= TASK PROMPT =
Only those lines in the data below from the line containing "Wyndham Collection Marlena" through the line containing "Black Noir Pearl", both included, should be restated word for word.

(Web page caption snippets)
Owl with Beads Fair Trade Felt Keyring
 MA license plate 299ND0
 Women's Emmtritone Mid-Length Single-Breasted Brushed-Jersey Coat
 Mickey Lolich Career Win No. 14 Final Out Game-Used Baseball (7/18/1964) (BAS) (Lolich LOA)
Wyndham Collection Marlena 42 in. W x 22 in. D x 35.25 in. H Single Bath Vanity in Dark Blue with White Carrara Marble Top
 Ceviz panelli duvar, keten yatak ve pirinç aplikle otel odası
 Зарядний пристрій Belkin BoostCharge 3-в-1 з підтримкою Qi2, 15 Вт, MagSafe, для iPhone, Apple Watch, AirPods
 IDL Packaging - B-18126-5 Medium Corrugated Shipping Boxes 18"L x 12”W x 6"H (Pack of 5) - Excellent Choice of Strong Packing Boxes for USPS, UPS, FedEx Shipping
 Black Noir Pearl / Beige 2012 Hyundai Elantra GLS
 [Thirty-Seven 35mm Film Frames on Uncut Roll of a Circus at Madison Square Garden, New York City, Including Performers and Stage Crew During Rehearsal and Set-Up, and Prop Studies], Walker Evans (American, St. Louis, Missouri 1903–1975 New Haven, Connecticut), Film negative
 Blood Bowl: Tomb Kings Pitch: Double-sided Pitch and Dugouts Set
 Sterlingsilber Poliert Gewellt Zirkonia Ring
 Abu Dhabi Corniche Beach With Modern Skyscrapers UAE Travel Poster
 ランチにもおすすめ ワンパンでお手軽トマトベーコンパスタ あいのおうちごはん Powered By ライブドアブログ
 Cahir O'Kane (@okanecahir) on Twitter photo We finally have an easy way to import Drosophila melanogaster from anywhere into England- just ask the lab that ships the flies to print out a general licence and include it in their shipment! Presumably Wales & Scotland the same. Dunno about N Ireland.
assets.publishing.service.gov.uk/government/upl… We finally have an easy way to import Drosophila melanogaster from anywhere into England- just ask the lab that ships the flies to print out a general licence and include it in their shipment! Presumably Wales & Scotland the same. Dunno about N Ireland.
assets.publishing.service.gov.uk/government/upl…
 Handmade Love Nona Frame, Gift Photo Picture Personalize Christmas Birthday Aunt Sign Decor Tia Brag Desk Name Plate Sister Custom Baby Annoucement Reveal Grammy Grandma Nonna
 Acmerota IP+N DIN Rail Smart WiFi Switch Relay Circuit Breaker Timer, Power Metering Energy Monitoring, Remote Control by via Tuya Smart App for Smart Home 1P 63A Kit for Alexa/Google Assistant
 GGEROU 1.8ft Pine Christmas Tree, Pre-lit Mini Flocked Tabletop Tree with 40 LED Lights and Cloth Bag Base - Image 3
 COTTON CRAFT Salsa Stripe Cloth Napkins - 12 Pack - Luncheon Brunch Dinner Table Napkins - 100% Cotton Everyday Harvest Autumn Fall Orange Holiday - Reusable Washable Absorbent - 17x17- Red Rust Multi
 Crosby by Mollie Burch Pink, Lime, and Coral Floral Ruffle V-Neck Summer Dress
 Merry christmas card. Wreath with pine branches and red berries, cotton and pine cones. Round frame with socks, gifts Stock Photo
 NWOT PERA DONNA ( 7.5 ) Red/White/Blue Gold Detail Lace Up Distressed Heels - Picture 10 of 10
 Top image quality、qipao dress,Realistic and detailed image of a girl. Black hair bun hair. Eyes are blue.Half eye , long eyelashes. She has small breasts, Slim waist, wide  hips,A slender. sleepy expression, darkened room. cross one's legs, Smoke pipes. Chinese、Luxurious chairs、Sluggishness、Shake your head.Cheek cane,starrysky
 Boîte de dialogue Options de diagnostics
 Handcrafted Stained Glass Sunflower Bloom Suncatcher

= RESULT FOR THIS TASK =
Wyndham Collection Marlena 42 in. W x 22 in. D x 35.25 in. H Single Bath Vanity in Dark Blue with White Carrara Marble Top
 Ceviz panelli duvar, keten yatak ve pirinç aplikle otel odası
 Зарядний пристрій Belkin BoostCharge 3-в-1 з підтримкою Qi2, 15 Вт, MagSafe, для iPhone, Apple Watch, AirPods
 IDL Packaging - B-18126-5 Medium Corrugated Shipping Boxes 18"L x 12”W x 6"H (Pack of 5) - Excellent Choice of Strong Packing Boxes for USPS, UPS, FedEx Shipping
 Black Noir Pearl / Beige 2012 Hyundai Elantra GLS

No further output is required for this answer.